Le Saint Sacrifice que nous allons maintenant offrir au Père du plus profond de l’union nuptiale du Christ et de l’Église nous rappelle quotidiennement qui nous sommes et ce que nous devons faire au service de ce peuple de prêtres : l’éclairer par la Parole de Dieu, le nourrir de l’Eucharistie, le guider et même le corriger à l’occasion pour que Dieu règne en son sein par l’Amour authentiquement vécu et répandu et l’Espérance ainsi offerte concrètement à un monde en attente de salut.  

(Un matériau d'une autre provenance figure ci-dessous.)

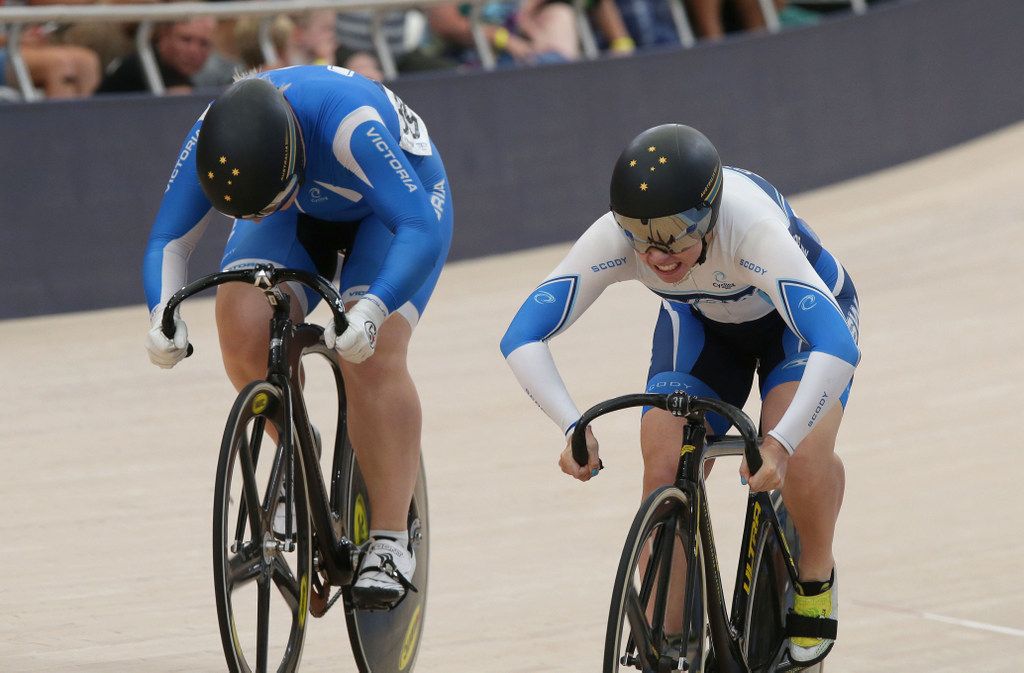 Kaarle McCulloch (NSW) riding to the Kierin win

Chers amis, évêques, prêtres, diacres, laïcs et personnes consacrées, célébrer ensemble à Ars est toujours pour moi et sans doute aussi pour vous un rappel de la merveille du sacerdoce. Le saint Curé d’Ars qui a soutenu un dur combat contre Satan, ne s’est pas distingué seulement ni d’abord, par sa performance de vertus héroïques, mais plutôt par son humble combat quotidien du pauvre pécheur accroché au manteau de la Vierge Marie, qui a converti sa paroisse et confessé la France, par la force invincible de la Grâce en son humilité souveraine, nourrie chaque jour de la contemplation de la Sainte Eucharistie. La sainteté du Curé d’Ars resplendit dans sa passion indomptable pour convertir sa paroisse. N’est-ce pas là la véritable sainteté du ministre du Christ, sacrement du Père miséricordieux : sanctifier ses enfants, activer leur sacerdoce filial, les aimer en leur donnant le bonheur du don de soi porteur de l’Esprit?

Chers amis, demandons la grâce d’un renouveau sacerdotal pour notre temps qui engage autant « le peuple de prêtres que les prêtres pour ce peuple » et qui laisse davantage transparaître la communion d’Amour trinitaire que Jésus est venu répandre sur la terre comme un feu. Amen!